--- Dataset content Enclosed Below ---
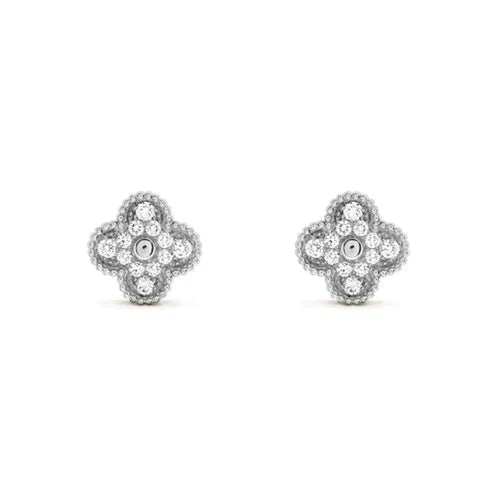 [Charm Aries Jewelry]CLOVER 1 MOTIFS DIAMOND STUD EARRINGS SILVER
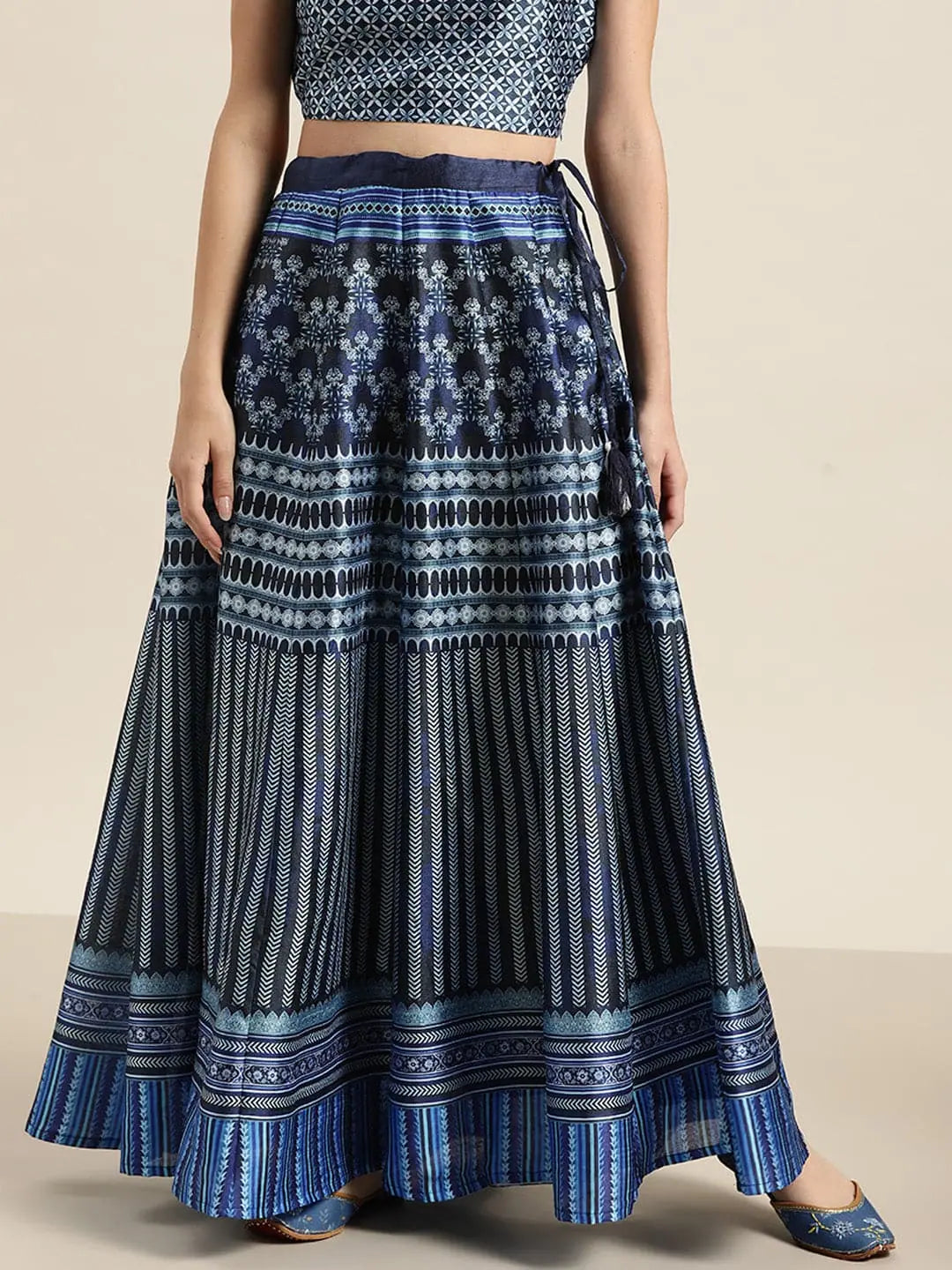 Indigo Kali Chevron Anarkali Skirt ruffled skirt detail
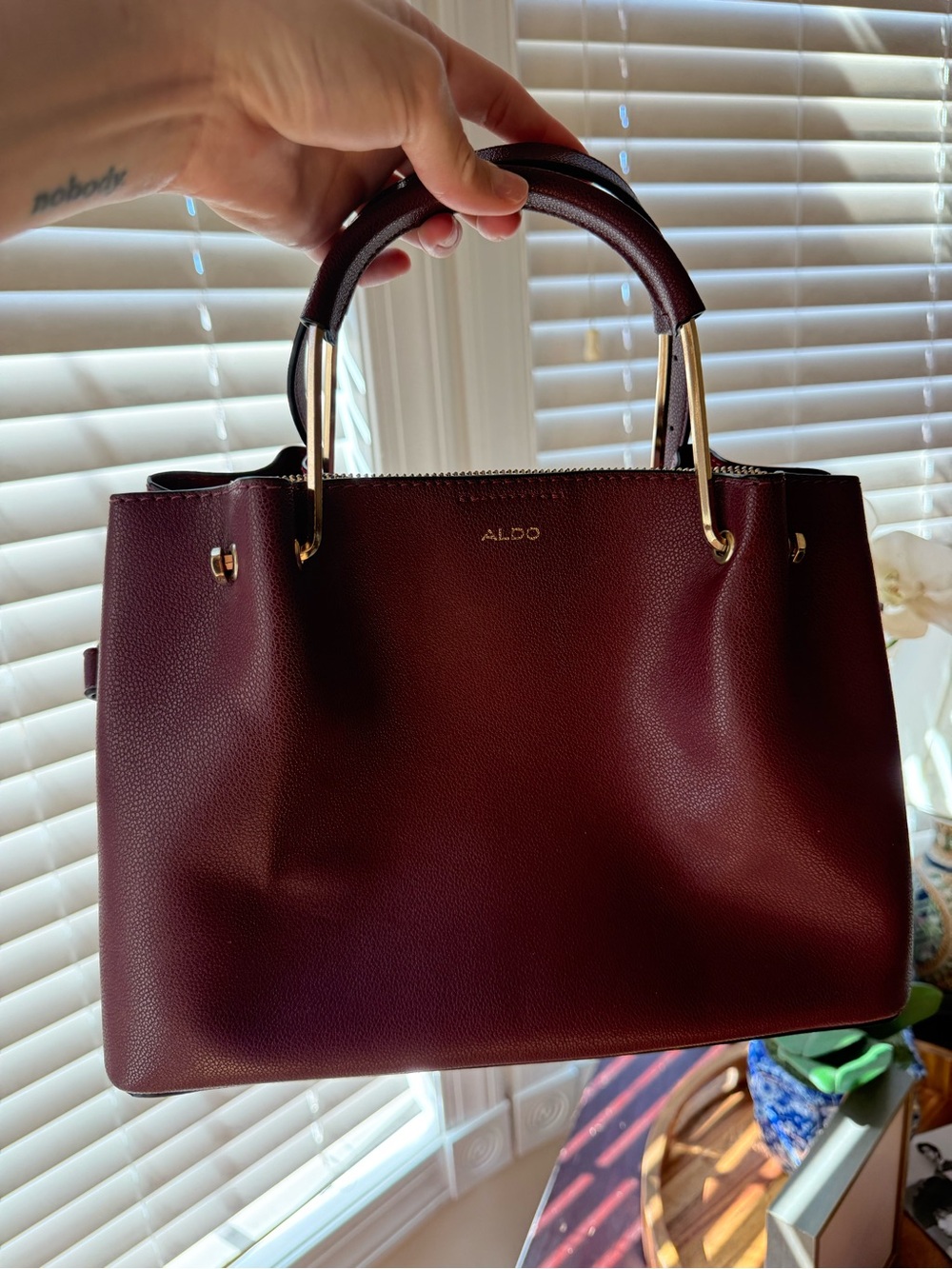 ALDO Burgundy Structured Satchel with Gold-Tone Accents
--- End of Enclosed Dataset content ---
The data should be printed again unchanged; leave its pictures out.

 [Charm Aries Jewelry]CLOVER 1 MOTIFS DIAMOND STUD EARRINGS SILVER
 Indigo Kali Chevron Anarkali Skirt ruffled skirt detail
 ALDO Burgundy Structured Satchel with Gold-Tone Accents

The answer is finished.